Black Tar vs Skimming Stone in Real Spaces
2 real rooms side by side. Seeing Black Tar and Skimming Stone in actual rooms makes the difference concrete; browse the spaces below to get a feel for how each color lives on a wall.
Living Room
In a living room, color works across both daylight and evening light — the same wall can read very differently at noon and at 8pm. The LRV gap is large enough that Skimming Stone will make the room feel meaningfully brighter than Black Tar would.
Kitchen Cabinets
Kitchen cabinets are constantly compared against adjacent materials, which means subtle differences between these two become much more visible. Skimming Stone reflects noticeably more light off the walls, making the space read more open than Black Tar.
Color Details
Black Tar vs Skimming Stone Simulated Comparison
5 simulated room previews — drag the slider on each to see Black Tar on one side and Skimming Stone on the other.
Digital color is approximate. These simulations are generated from the manufacturer's hex values and overlaid on grayscale room photos — your screen's calibration, brightness, and viewing angle all affect how they render.
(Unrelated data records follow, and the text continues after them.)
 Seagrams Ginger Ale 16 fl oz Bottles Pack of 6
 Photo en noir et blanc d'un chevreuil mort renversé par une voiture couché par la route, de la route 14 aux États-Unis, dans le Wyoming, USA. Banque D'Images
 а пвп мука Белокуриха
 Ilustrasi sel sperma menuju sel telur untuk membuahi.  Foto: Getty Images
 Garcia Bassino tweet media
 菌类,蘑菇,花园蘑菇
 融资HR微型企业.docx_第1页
Before committing to either color, test physical samples in your own space under the light you actually live with.
More Black Tar comparisons
See how Black Tar stacks up against other well-photographed colors across different brands and tones.


At LRV 83 vs 6, White Dove is decisively the brighter choice.


Purbeck Stone reflects far more light (LRV 52 vs 6), opening up a space where Black Tar encloses it.


Evergreen Fog reflects far more light (LRV 30 vs 6), opening up a space where Black Tar encloses it.


Agreeable Gray reflects far more light (LRV 60 vs 6), opening up a space where Black Tar encloses it.


At LRV 58 vs 6, Accessible Beige is decisively the brighter choice.


At LRV 27 vs 6, Denim Drift is decisively the brighter choice.


French Gray reflects far more light (LRV 43 vs 6), opening up a space where Black Tar encloses it.


At LRV 55 vs 6, Tranquil Dawn is decisively the brighter choice.


At LRV 44 vs 6, Hardwick White is decisively the brighter choice.


Pure White reflects far more light (LRV 84 vs 6), opening up a space where Black Tar encloses it.


At LRV 66 vs 6, Balboa Mist is decisively the brighter choice.


At LRV 74 vs 6, Shoji White is decisively the brighter choice.


A 6-point LRV gap (12 vs 6) makes Pewter Green the marginally brighter of the two.


A 6-point LRV gap (12 vs 6) makes Vintage Vogue the marginally brighter of the two.


At LRV 45 vs 6, Saybrook Sage is decisively the brighter choice.


Pale Green reflects far more light (LRV 31 vs 6), opening up a space where Black Tar encloses it.


With LRVs of 7 and 6, the two reflect almost the same amount of light.


Cement grey reflects far more light (LRV 24 vs 6), opening up a space where Black Tar encloses it.


Guilford Green reflects far more light (LRV 57 vs 6), opening up a space where Black Tar encloses it.


Just Walnut reflects far more light (LRV 72 vs 6), opening up a space where Black Tar encloses it.